Marcos Geraldo

Personal information
- Nickname: Marcos Geraldo
- Born: Marco Antonio López Geraldo September 28, 1954 (age 71) Guaymas, Sonora, Mexico
- Height: 5 ft 11 in (180 cm)
- Weight: Middleweight/light heavyweight

Boxing career
- Reach: 76 in (193 cm)
- Stance: orthodox

Boxing record
- Total fights: 95
- Wins: 66
- Win by KO: 47
- Losses: 28
- Draws: 1

= Marcos Geraldo =

Mexican national champion boxer (b. 1954)

Marcos López (born September 28, 1954), better known as Marcos Geraldo, is a Mexican former boxer who was champion at both middleweight and light heavyweight.

==Career==
Geraldo was born in Sonora, Mexico, and fought out of Baja California for much of his career. Geraldo's first professional fight was in September 1970, a points defeat of Albaro Parra. In 1977 he won the Mexico middleweight title, defeating Emetrio Villanueva by a knockout. After two successful defences he moved up to the light heavyweight division, beating David Cabrera to become Mexico light-middleweight champion in November 1982. He also won the California State Middleweight title in 1978.

In 1979 he suffered a points defeat to Sugar Ray Leonard over ten rounds, with the same result a year later against Marvin Hagler. He was ranked in the top ten by both the WBC and WBA in 1980. He fought Thomas Hearns in 1982, losing by a first round knockout.
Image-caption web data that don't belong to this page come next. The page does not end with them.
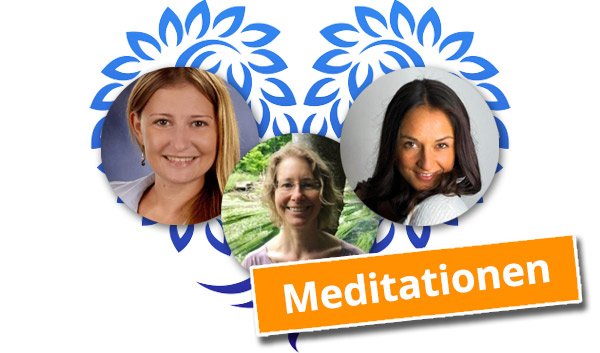 Meditationen Bonus mit drei weiblichen Porträts und Blüten-Design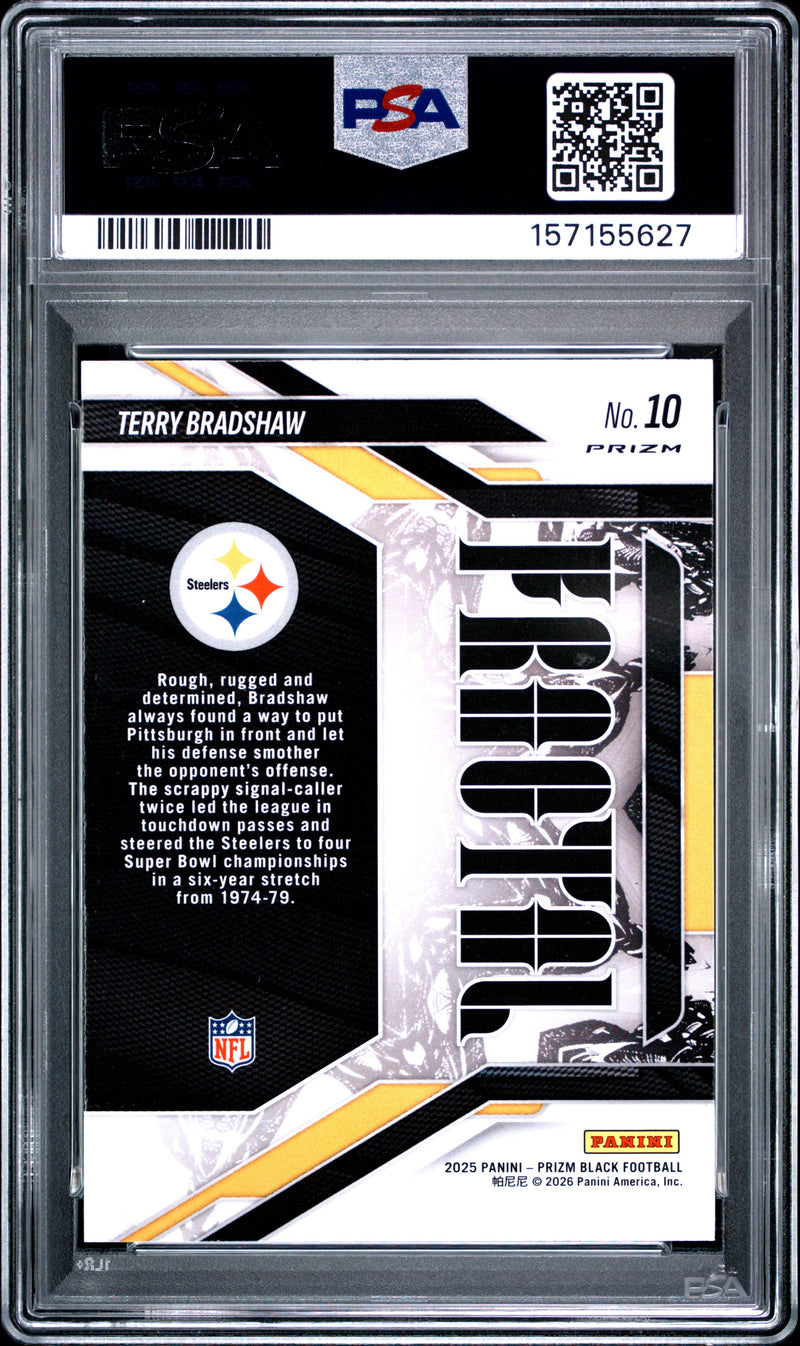 Terry Bradshaw 2025 Panini Prizm Black Silver Fractal #10 PSA 10-2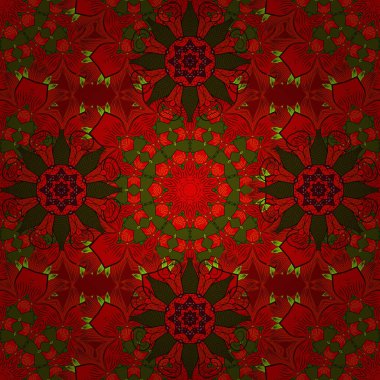 Nazik, sevimli çiçek arkaplanı. Çiçekli karalama şeklinde vektör deseni. Çiçekler kırmızı, kahverengi ve yeşil renklerde.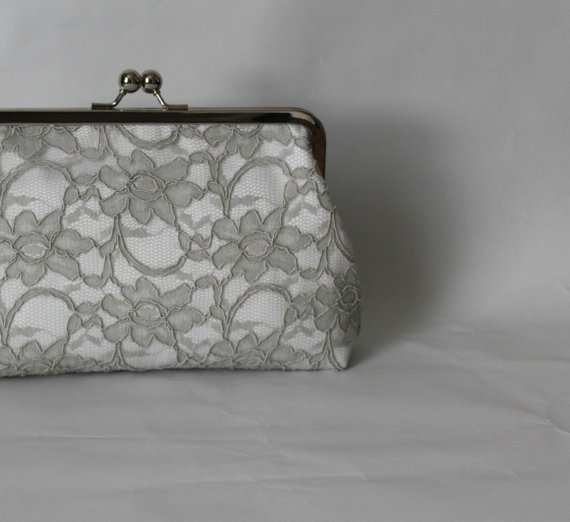 Wedding - Bridal Clutch - Wedding Clutch - Wedding Purse - Grey and White Lace Clutch - Bridesmaids Clutch - Bridesmaids Gift - Isabella Clutch
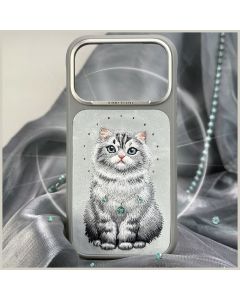 NIMMY case LUCKY FASHION CAT compatible with MagSafe for IPHONE 18 Pro Max/17 Pro Max grey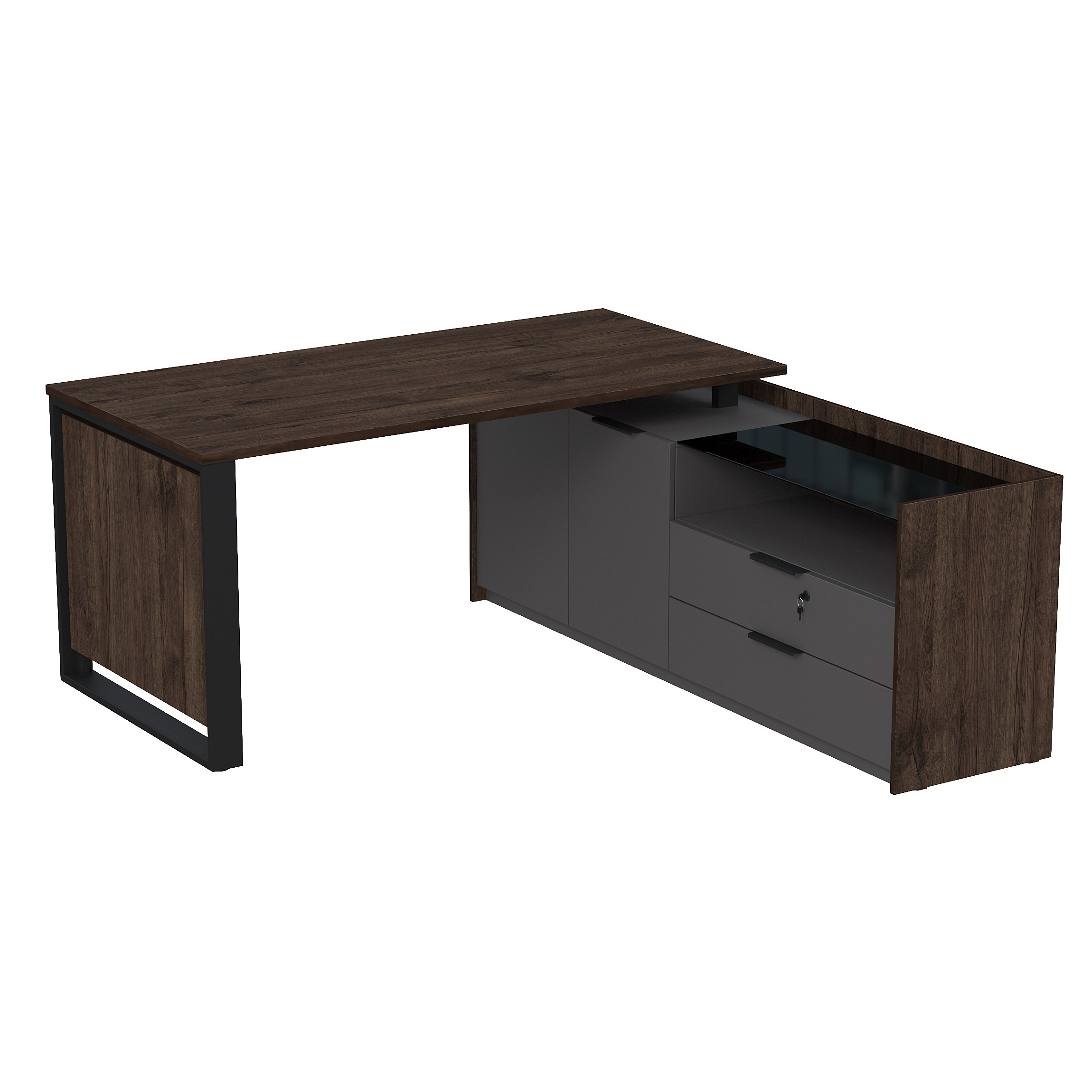 15СОД.1608 Стол рабочий на опорной двусост тумбе, с ящ (метаб), с замком (1660*1768*750)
Leonard ranked his fight with Geraldo as his fourth toughest, behind those against Hearns, Wilfred Benítez, and Roberto Durán, and regarded Geraldo as the hardest puncher he had fought. In 1985 Geraldo drew with Prince Mama Mohammed in a Stroh's Cruiserweight Championship fight, and lost to Michael Nunn by a fifth round TKO. He fought Virgil Hill in 1987, losing by a second round knockout. He continued fighting until 1995, losing his final fight to Leonardo Aguilar.

He also lost to Angel Robinson Garcia.

Over his 25-year professional career he won 66 of 95 fights, 47 by knockout.

His son, Marcos Antonio López, is also a professional boxer.